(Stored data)
+ + + + +
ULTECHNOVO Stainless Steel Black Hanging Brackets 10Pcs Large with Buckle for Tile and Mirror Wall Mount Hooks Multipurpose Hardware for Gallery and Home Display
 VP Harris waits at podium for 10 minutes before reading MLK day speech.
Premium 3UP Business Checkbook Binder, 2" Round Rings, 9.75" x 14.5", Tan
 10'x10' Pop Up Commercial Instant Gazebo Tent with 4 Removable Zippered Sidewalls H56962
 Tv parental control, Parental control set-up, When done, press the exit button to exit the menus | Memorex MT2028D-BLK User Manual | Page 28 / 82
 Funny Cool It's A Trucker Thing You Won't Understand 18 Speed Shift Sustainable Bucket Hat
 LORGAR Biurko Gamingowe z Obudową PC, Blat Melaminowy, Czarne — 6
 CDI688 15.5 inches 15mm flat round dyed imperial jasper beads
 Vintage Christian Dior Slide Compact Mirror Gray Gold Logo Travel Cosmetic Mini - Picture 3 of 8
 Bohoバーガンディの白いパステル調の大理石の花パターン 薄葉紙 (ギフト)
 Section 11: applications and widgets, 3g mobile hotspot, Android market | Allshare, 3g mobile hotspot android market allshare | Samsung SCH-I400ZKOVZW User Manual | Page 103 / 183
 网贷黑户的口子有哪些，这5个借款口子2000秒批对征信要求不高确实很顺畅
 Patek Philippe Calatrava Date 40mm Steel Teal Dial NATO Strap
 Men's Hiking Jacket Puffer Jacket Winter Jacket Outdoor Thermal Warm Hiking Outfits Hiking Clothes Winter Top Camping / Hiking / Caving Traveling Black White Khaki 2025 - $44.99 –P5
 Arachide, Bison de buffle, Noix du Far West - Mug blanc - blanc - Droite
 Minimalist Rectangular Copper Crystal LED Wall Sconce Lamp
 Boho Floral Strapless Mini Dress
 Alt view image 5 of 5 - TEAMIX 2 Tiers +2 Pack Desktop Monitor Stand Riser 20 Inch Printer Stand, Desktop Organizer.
+ + + + +
-- YOUR INSTRUCTIONS --
The answer is a count and nothing more: lines above that contain "User".

-- WRITTEN RESPONSE --
2